[[ Records open ]]
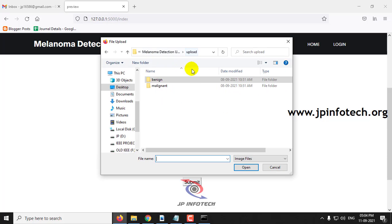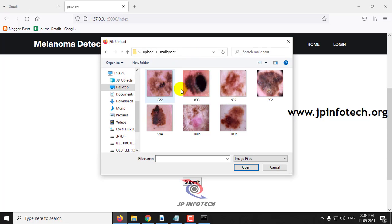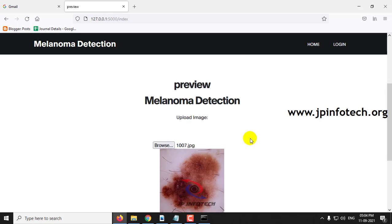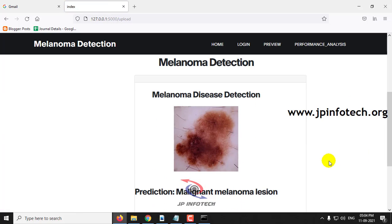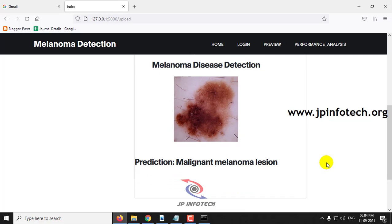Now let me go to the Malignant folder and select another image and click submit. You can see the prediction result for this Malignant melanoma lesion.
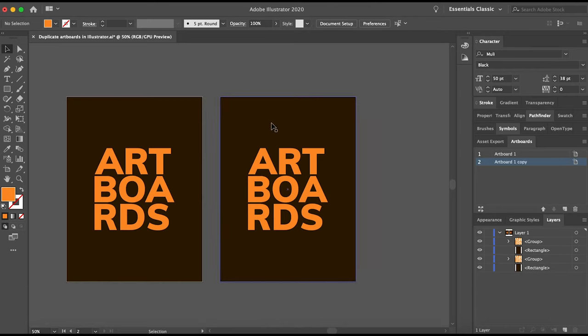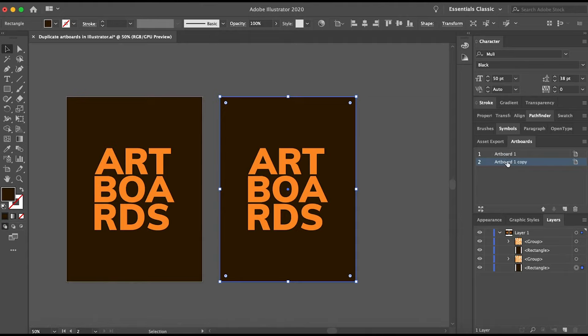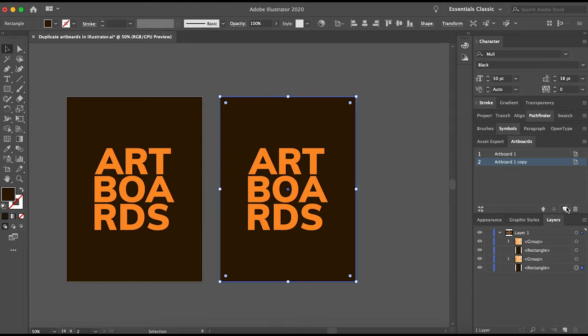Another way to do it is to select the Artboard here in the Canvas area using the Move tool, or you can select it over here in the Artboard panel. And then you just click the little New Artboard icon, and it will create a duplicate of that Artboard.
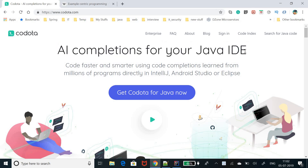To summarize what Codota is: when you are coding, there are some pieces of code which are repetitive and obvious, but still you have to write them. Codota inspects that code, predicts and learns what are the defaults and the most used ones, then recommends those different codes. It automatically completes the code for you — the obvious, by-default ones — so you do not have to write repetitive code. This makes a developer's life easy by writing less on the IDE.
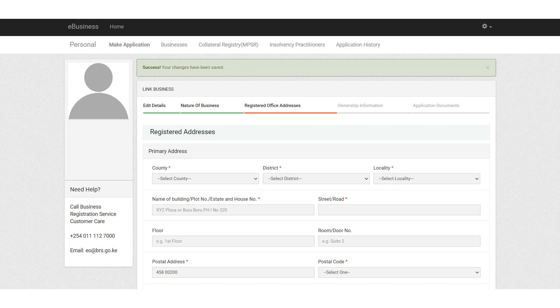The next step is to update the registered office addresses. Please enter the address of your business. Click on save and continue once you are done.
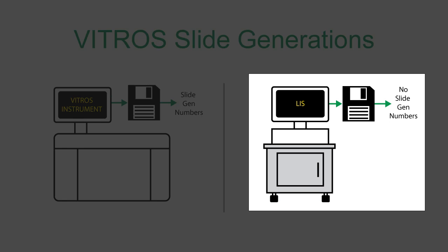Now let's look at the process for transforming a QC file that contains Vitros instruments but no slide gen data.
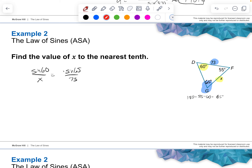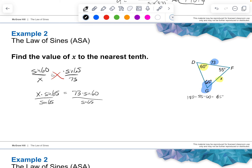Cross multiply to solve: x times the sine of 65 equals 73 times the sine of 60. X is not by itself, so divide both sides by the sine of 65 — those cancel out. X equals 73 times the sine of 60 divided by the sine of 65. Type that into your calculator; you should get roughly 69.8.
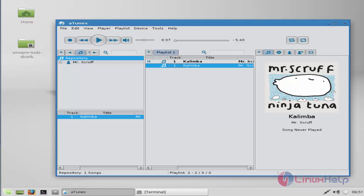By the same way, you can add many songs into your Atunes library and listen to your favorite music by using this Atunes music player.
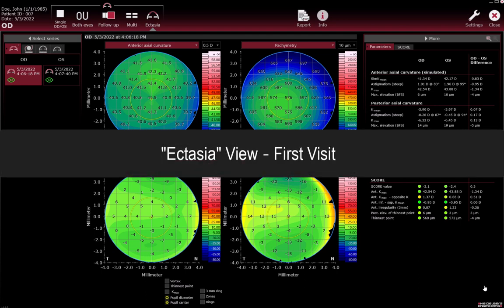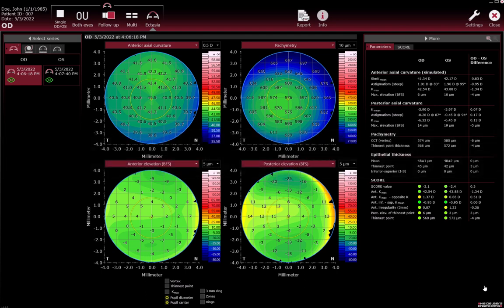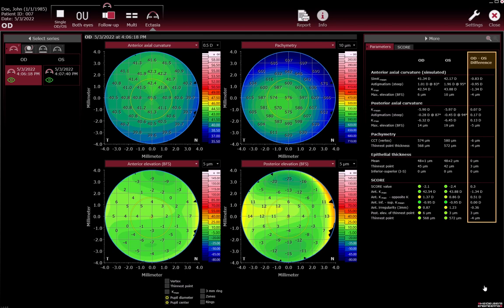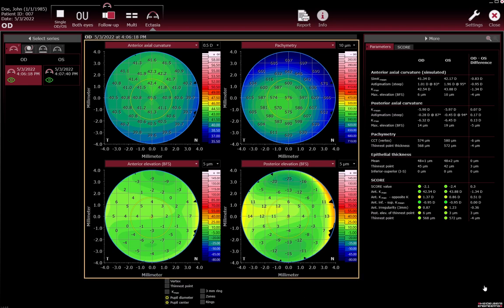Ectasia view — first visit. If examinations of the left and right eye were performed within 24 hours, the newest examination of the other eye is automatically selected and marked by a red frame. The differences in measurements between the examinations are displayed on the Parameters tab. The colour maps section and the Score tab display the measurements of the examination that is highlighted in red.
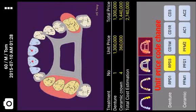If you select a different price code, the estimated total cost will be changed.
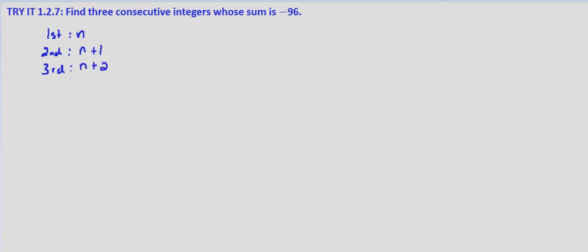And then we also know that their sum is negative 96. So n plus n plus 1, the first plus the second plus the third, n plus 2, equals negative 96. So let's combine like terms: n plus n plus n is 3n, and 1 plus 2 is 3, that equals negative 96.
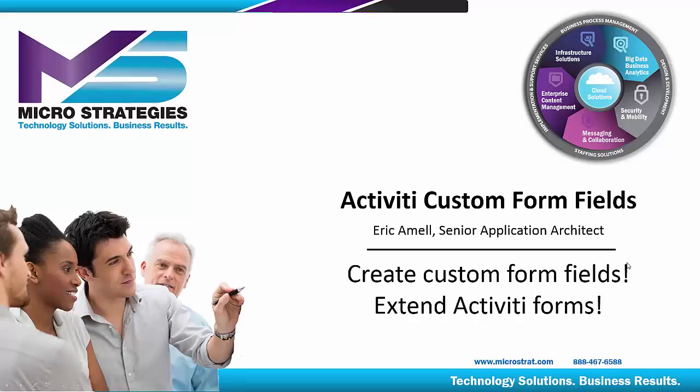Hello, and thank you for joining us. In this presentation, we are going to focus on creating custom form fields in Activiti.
[[ Records closed ]]
- [Your instructions]:
An acceptable answer consists of the lines above from the one holding "Ectasia view —" to the end of the data, repeated exactly and containing no pictures.

- [Result of the exercise]:
Ectasia view — first visit. If examinations of the left and right eye were performed within 24 hours, the newest examination of the other eye is automatically selected and marked by a red frame. The differences in measurements between the examinations are displayed on the Parameters tab. The colour maps section and the Score tab display the measurements of the examination that is highlighted in red.
If you select a different price code, the estimated total cost will be changed.
And then we also know that their sum is negative 96. So n plus n plus 1, the first plus the second plus the third, n plus 2, equals negative 96. So let's combine like terms: n plus n plus n is 3n, and 1 plus 2 is 3, that equals negative 96.
Hello, and thank you for joining us. In this presentation, we are going to focus on creating custom form fields in Activiti.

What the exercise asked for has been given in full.